Sep 27, 2010

Headline: White Bear Lake in the News

Some interesting comments and information about lake maintenance:

In City Council Notes

8/25/2010: The City Administrator reported that the spraying of lily pads in West Savage Lake has begun pursuant to the permit issued by the DNR. The Administrator commented on the process in obtaining the permit and the fact that five of the twelve abutting property owners were denied permits since the DNR indicated there was no evidence of recreational use of the lake by these residents. One of the denials has since been rescinded, and the four other property owners receiving denial may appeal. The Administrator reported that the process has been frustrating, and he has sought the help of the City’s State Representative in this matter. However, he was not sure that the matter would be resolved in time to spray this year given the small window that the DNR allows for the spraying to be done.
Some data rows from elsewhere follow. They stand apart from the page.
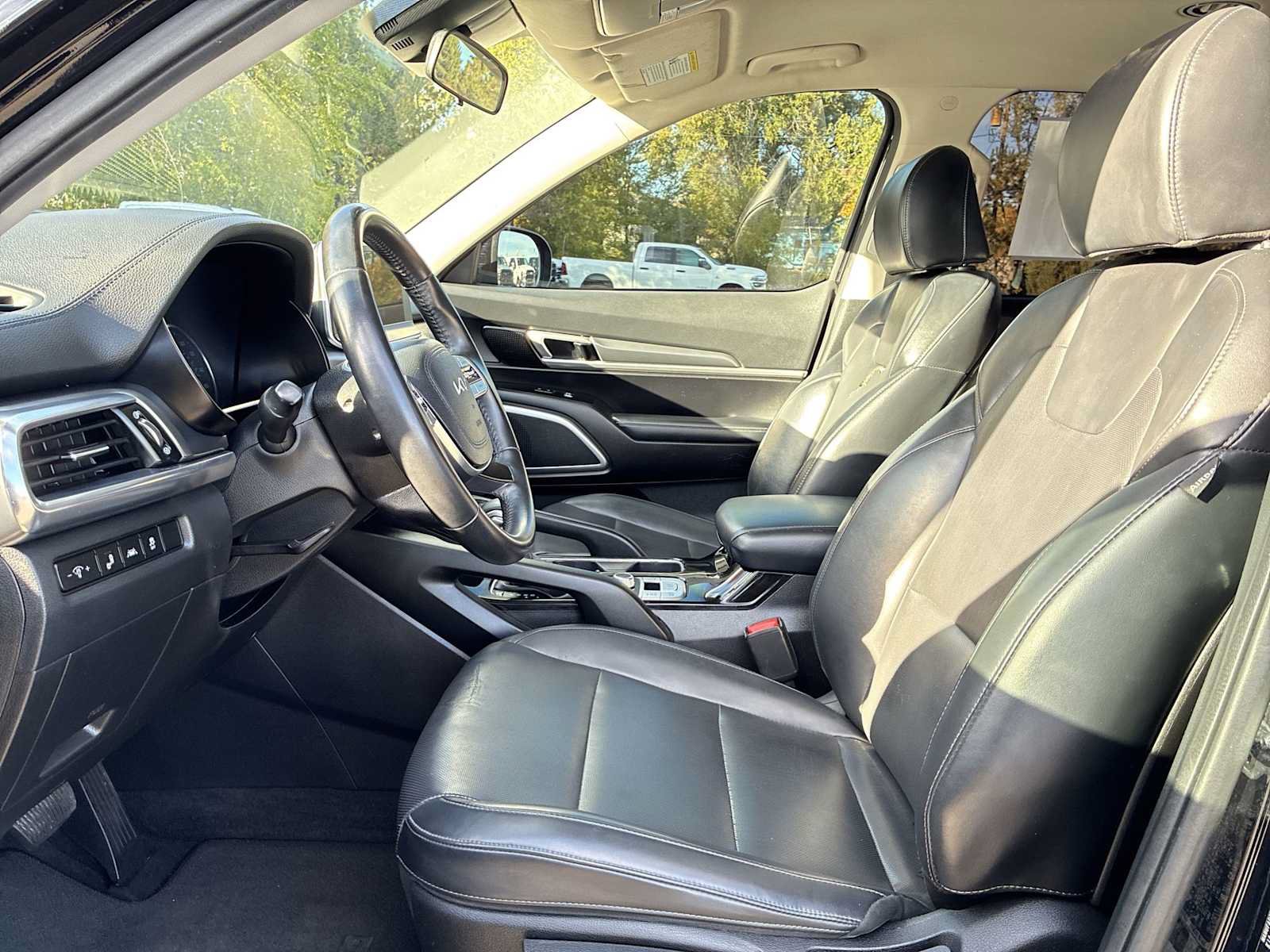 Used 2022 Kia Telluride LX AWD/4WD image 13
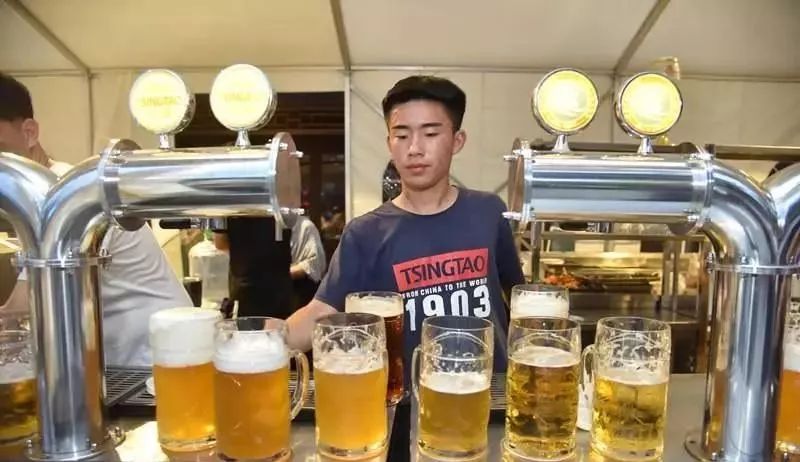 「聚焦」活力夜未央!第29届青岛国际啤酒节即墨古城会场激情开幕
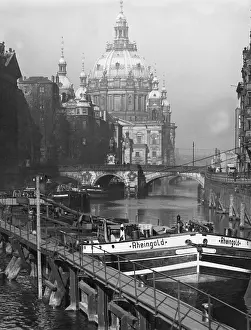 Spree: The Berlin Cathedral, 1939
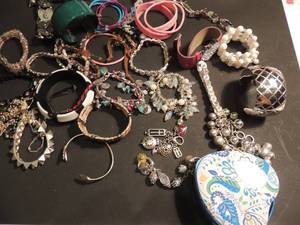 lot 35 image: Jewelry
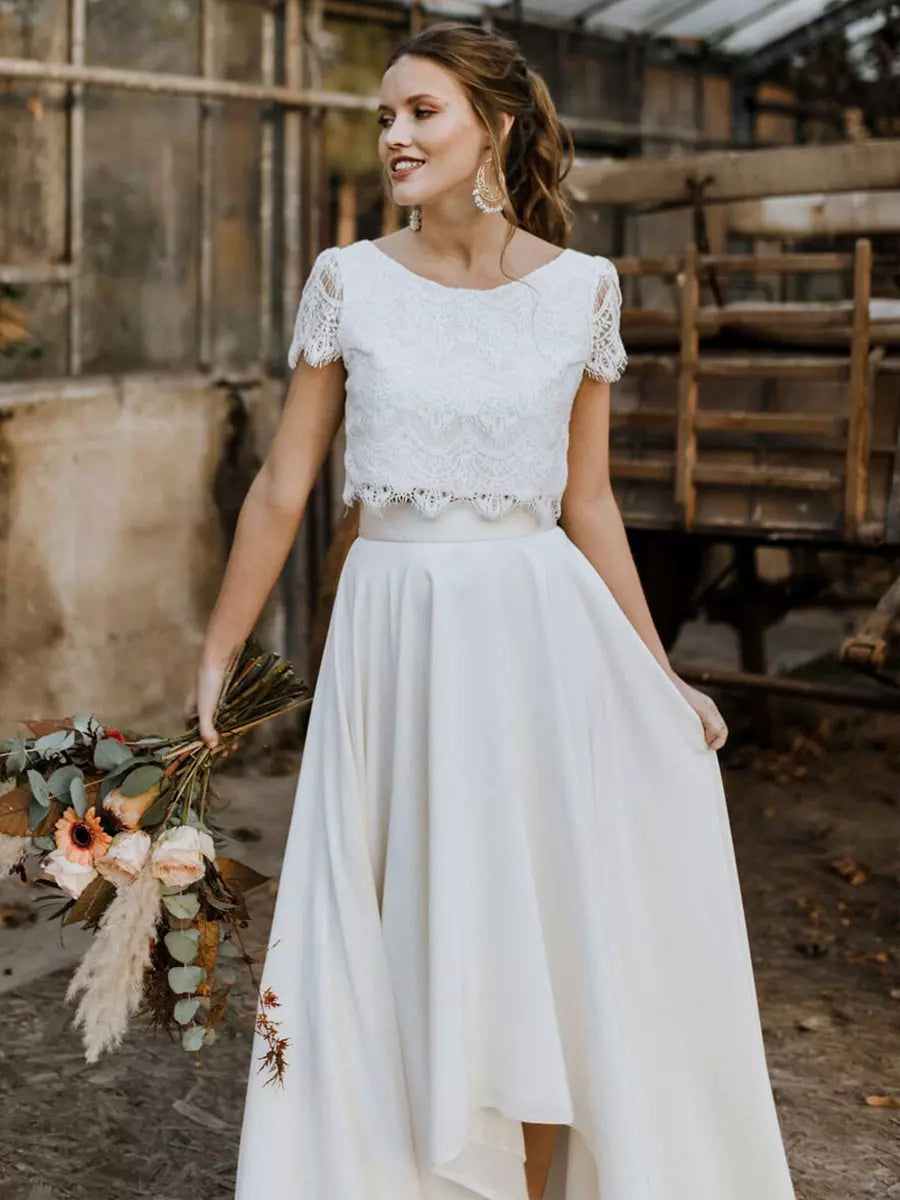 Alba – Zweiteiliges Brautkleid mit Spitzenoberteil und fließendem Rock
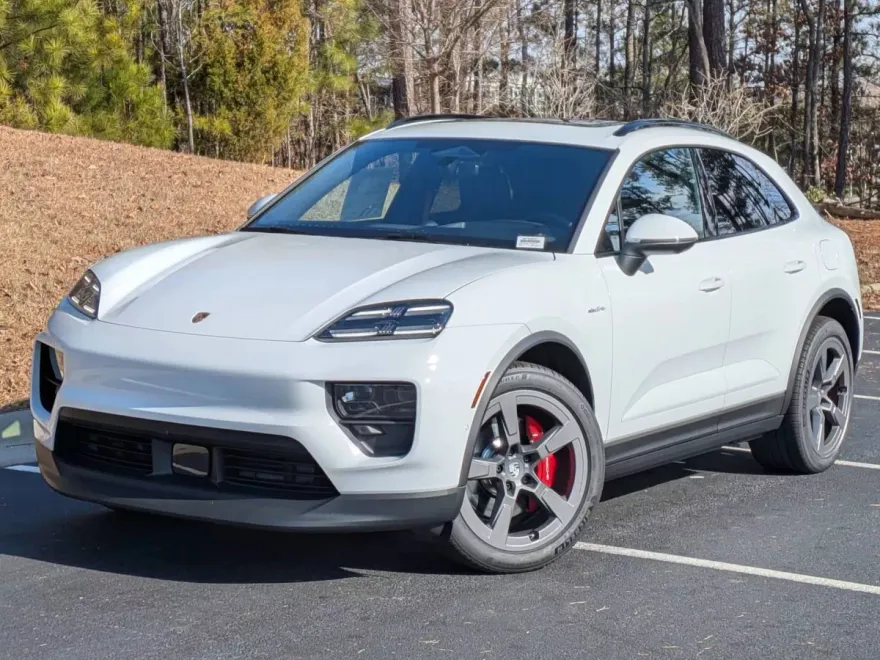 2025 Porsche Macan Electric photo 1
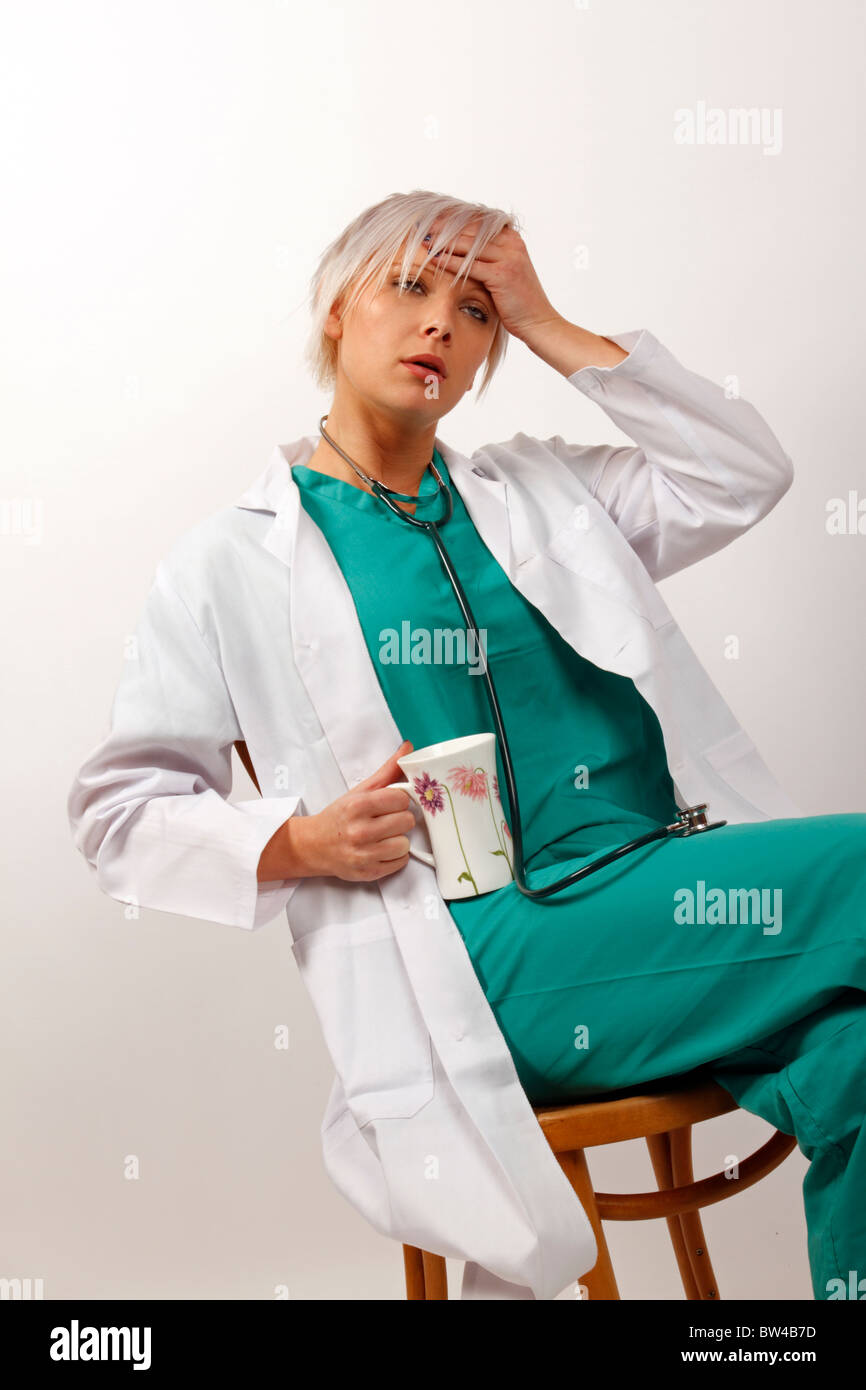 junger Arzt, nachdem eine lange Suche Kaffee trinken erschöpft Stockfoto
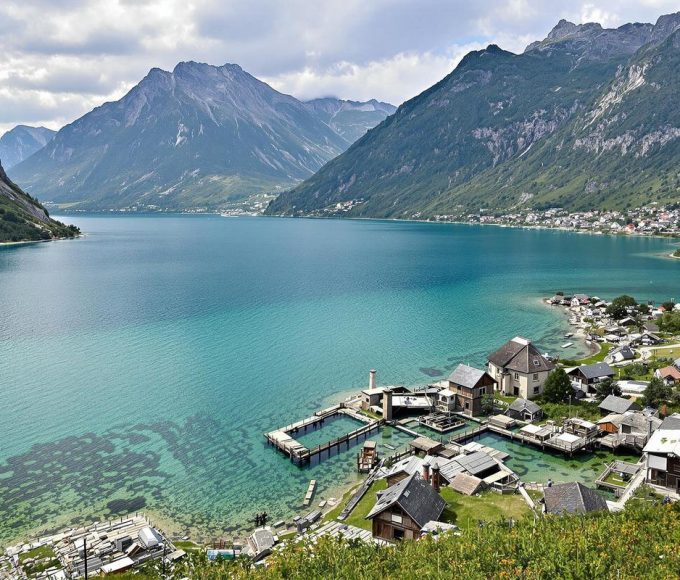 Sous ses 3000 hectares, ce sublime lac des Alpes cache un village englouti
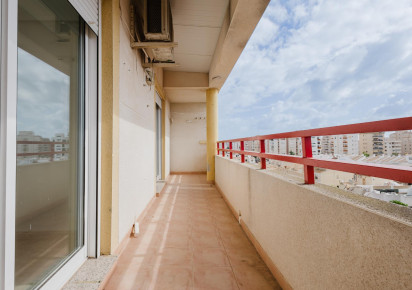 Rynek wtórny · APARTAMENTO · Torrevieja · Centro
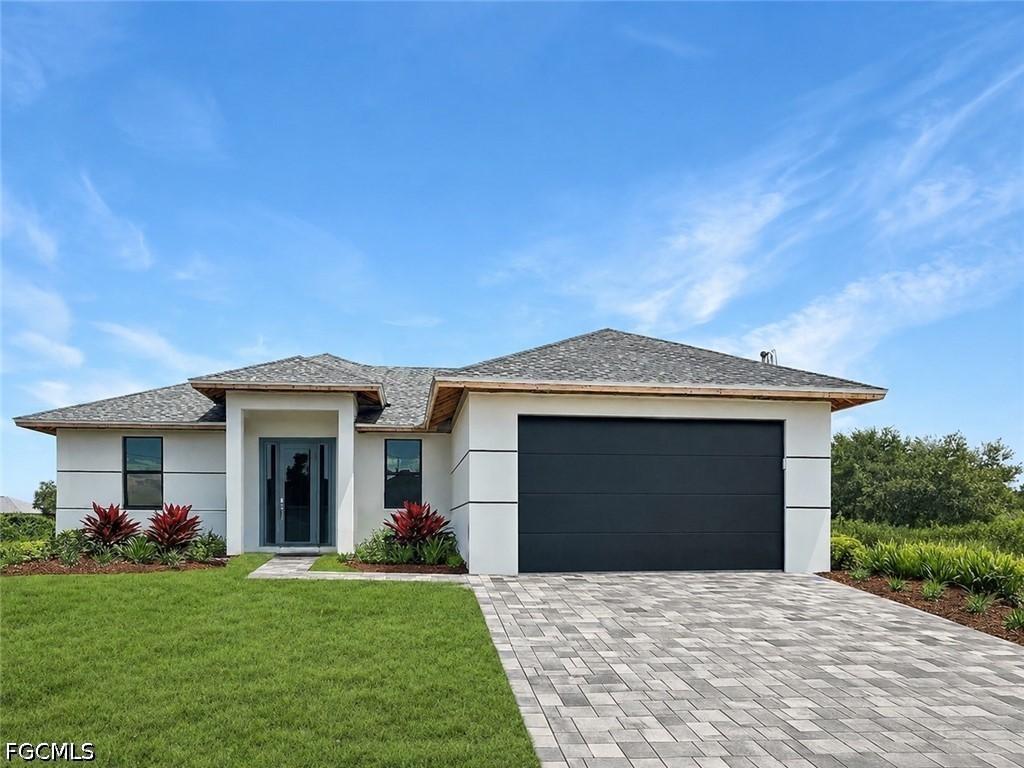 628 NW 15th Ter., Cape Coral, FL 33993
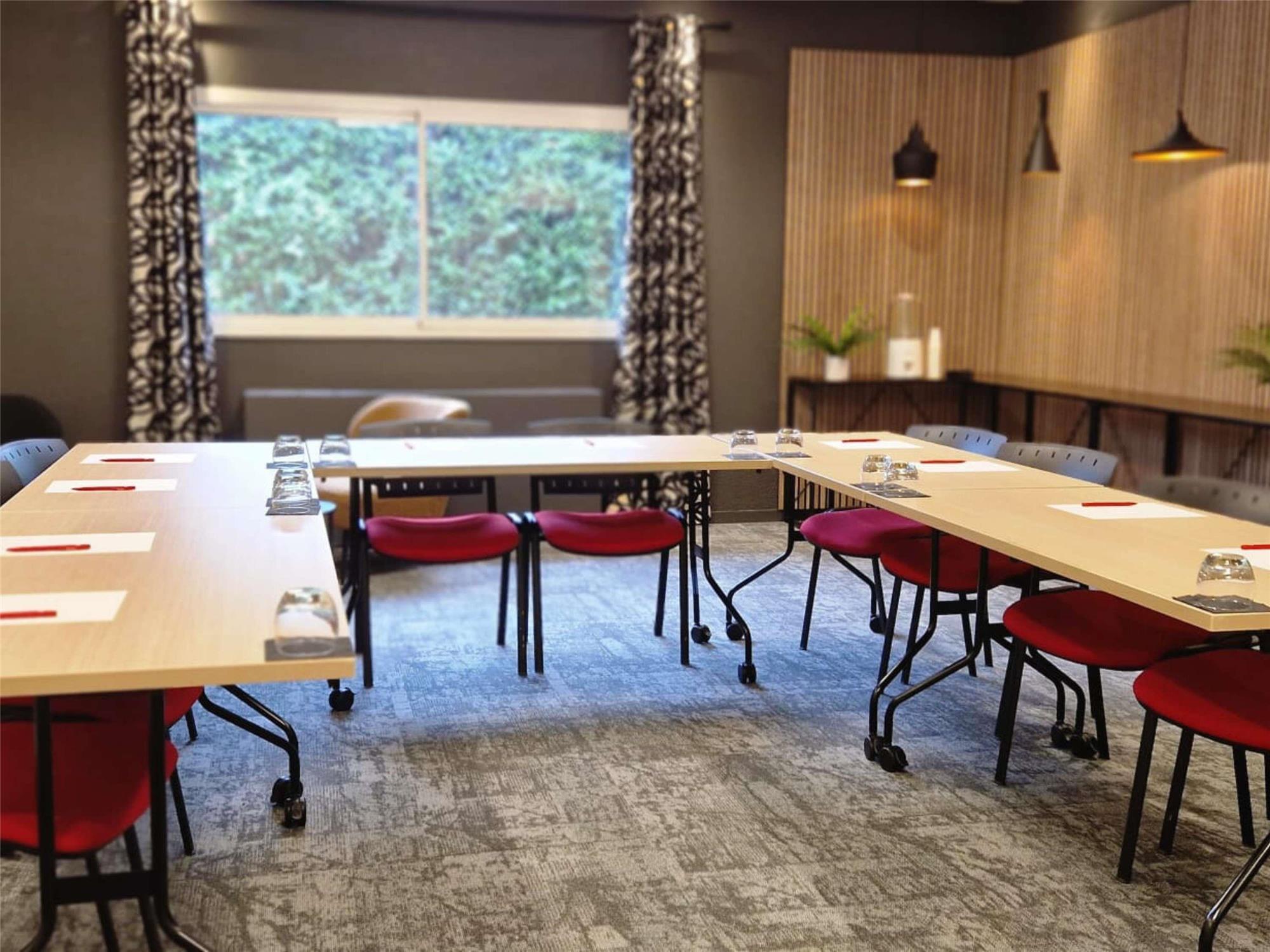ibis Pau Lescar 2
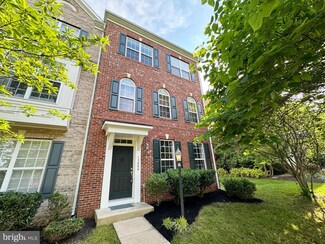 15808 Mackenzie Manor Dr, Haymarket, VA 20169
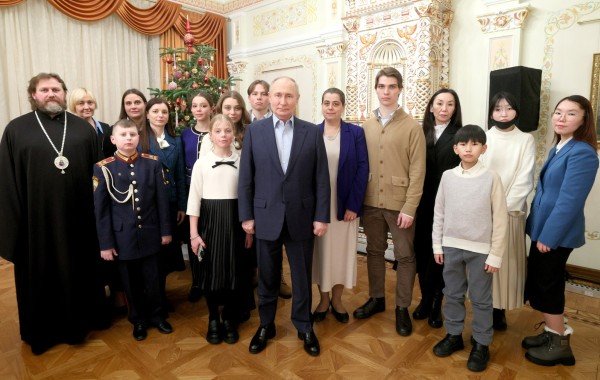Владимир Путин в канун Рождества встретился с семьями военных, погибших на СВО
[Note: I received the following email from Joel Hanson, City Manager in reply to my inquiry about making an earlier application for next season's permit.]

-----Original Message-----
From: Joel Hanson []
Sent: Wednesday, September 22, 2010 3:02 PM
To: T.W. Day
Subject: RE: [Savage Lake, Little Canada, Minnesota] Bits of the Mission Accomplished


Thanks for the updated pictures. I drove by the area last week and could definitely tell you had applied some chemical.

I did discuss this with the Council at our Workshop on Monday. They approved paying for the permit for one more year and I'll get it applied for later this fall.

The Council did indicate that any future permits (after 2011) will be the responsibility of the land owners, but they felt is warranted to pick up the cost for another year.


Sep 18, 2010

Bits of the Mission Accomplished

When I got back from Texas, a week after John and I sprayed, looking at the lake was pretty discouraging. Earlier this week, I was driving past our lake on I35E and I could have sworn I saw the outline of the route John and I took with the canoe and Roundup. Friday, we canoed out into the lake and discovered that canoeing is possible. Today, my wife and I ventured out on the lake with a camera and took some pictures of our lake and, I hope, you can see where John and I whipped up on the lilies; and where we didn't.

The recommended 2nd round of spraying would have really cleaned out the open areas. But you can easily get around the lake and if it's far from perfect it's also far from completely jammed with lilies. The large treated center section is considerably less populated than the untreated edges. Some of the pictures show the difference pretty clearly. The path around the island is less obvious, but in the right light from the right angle, you can see where we were. On the canoe, the cleared area is the only path around the lake.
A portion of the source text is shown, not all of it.